I read "Moon Over Soho" by  Ben Aaronovitch for the "Magical Realism" square.

 

Please note that some things mentioned below may spoil the events in book #1. 

 

"Moon Over Soho" is the second book in the Peter Grant series. Due to a lot of us participating in Halloween bingo are reading this book, I am just going to keep this to a high level review.


First, I really liked all of the characters (Peter, Leslie, Nightingale, Peter's mom and dad, the jazz band guys).

 

Peter though I found to be way more than a little naive in this one. And I don't know, I found myself irritated with him for just not realizing something that I picked up on at a good 50 percent of the book. Don't want to spoil for others, but let's just say I was the least surprised person ever when a reveal popped up. 

 

I wanted more of Leslie in this one.
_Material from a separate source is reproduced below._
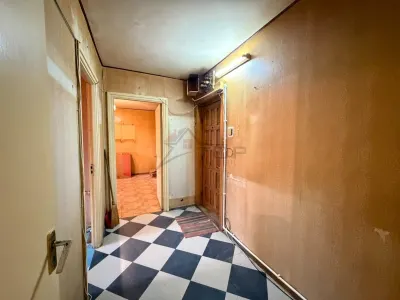 Apartament 3 camere Iași - poza 6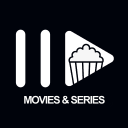 Скачать  Movcy movies & series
After the events in book #1, Leslie is laying low and trying to put her life and her poor face back together. I don't get it, I thought that Peter was a bit thoughtless towards her character. Now that she's not attractive anymore it seems he lost interest. Which doesn't speak well of him. I have to think more on that.


We do get some nice asides to Peter's family and his mother and father I found to be very cute together. I also liked Peter's commentary on black female hair (it's all true). 

 

The writing was really good and just like in book #1 I laughed. One particular scene with Peter telling Nightingale that calling someone a black wizard was offensive towards black people was funny. Poor Nightingale. Can we please get a side story about his days before he joined the police?

 

The flow dragged for me in this though. Probably because as I said, I realized where the story was going after a lot of clues where laid out. I just got fed up with Peter for not being that smart. Also his complaining about magical training is getting old. Either suck it up, or don't do it anymore.


The ending left us with a little surprise and I wonder how that will play out in future books.